The SVZ was dissected from rat brains and cell lysates extracted in PBS containing 0.05% Nonidet P-40 (Roche, Nutley, NJ, USA), 0.25% sodium deoxycholate, 50 mmol/L Tris-HCl (pH 8.5), 100 mmol/L NaCl, 1 mmol/L EDTA (ethylenediaminetetraacetic acid) (pH 8.0), 1 μg/mL aprotinin, and 100 μg/mL phenylmethylsulfonyl fluoride. Protein (50 μg, determined using a Bio-Rad assay, Bio-Rad, Hercules, CA, USA) was boiled at 100 °C in the SDS sample buffer for 5 mins, electrophoresed on SDS/12% PAGE gels, and transferred into polyvinyldifluoridine membranes, which were incubated overnight at 4 °C using one of the following primary antibodies: (1) rabbit anti-NICD (Abcam; 1:500); (2) rabbit anti-Hes1 (Chemicon; 1:1,000); (3) rabbit anti-sonic hedgehog (Shh) (Santa Cruz Biotechnology; 1:1,000); or (4) mouse monoclonal anti-actin (Oncogene Science, Cambridge, MA, USA; 1:20,000). Membranes were washed with PBS/0.1% Tween 20, incubated at room temperature for 60 mins with horseradish peroxidase conjugated anti-mouse, anti-rabbit, or anti-goat secondary antibody (Santa Cruz Biotechnology; 1:3,000), and thereafter washed thrice for 15 mins with PBS/Tween 20. Peroxidase activity was visualized by chemiluminescence (NEN Life Science Products, Boston, MA, USA). Antibodies were removed with stripping buffer (100 mmol/L 2-mercaptoethanol/2% SDS/62.5 mmol/L Tris-HCl, pH 6.7) at 50°C for 30 mins, followed by washing with PBS/Tween 20, and membranes were reprobed.

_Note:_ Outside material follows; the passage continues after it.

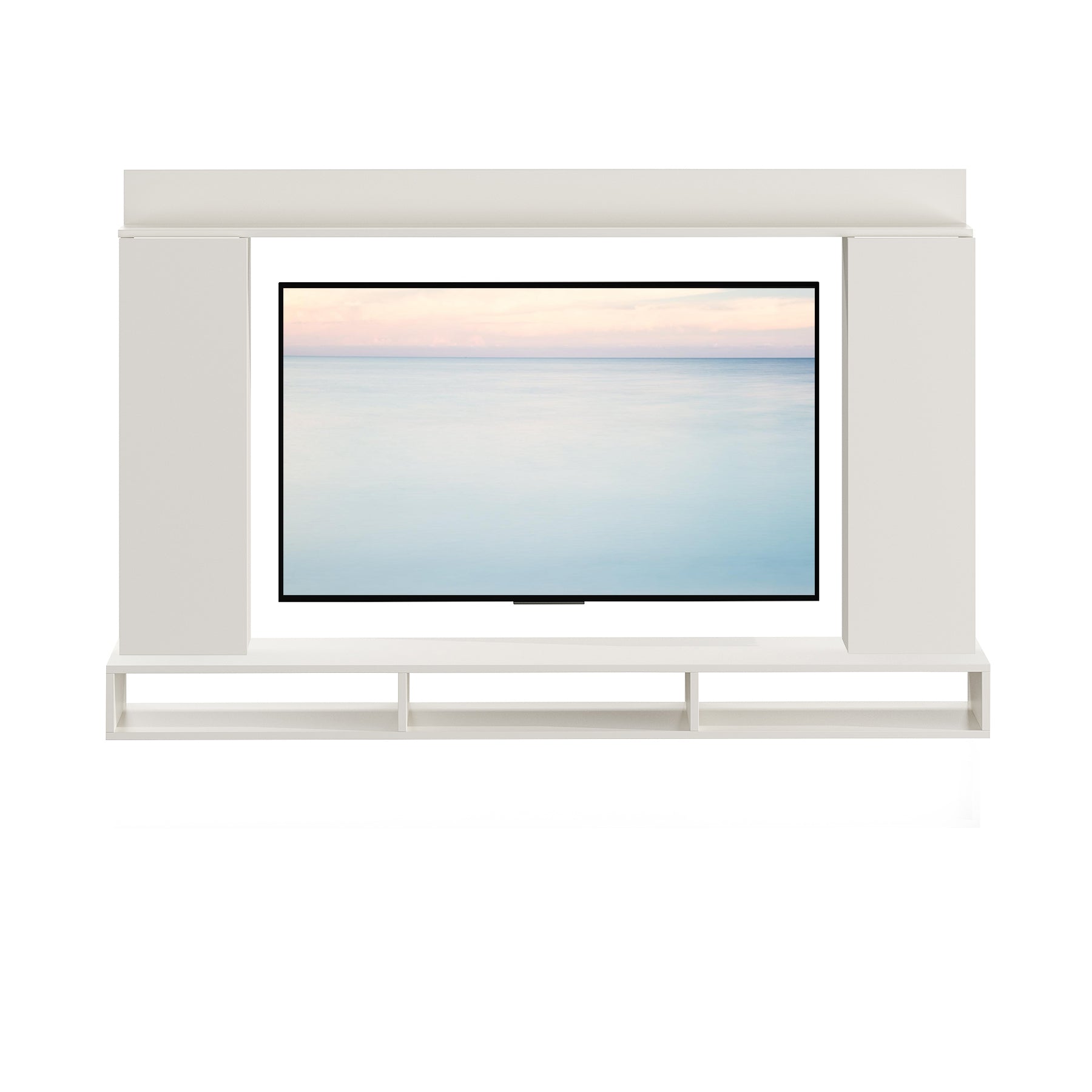 FURNEASER Morris Engineered Wood Wall Mount TV Unit/Set Top Box Stand with Display Shelves/Modern Tv Rack/Cabinet/Showcase for 43 inch TV (White)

The activity of γ-secretase in rat brain SVZ (n = 6) was determined using a γ-secretase activity kit (R&D Systems) according to the manufacturer's instructions. Data were expressed as fold increase in fluorescence over that of background controls (reactions in the absence of tissue or cell lysates).
Quantitative results were expressed as the mean±s.e.m. The statistical significance of differences between means was evaluated using one-way analysis of variance (ANOVA). P < 0.05 was regarded as statistically significant.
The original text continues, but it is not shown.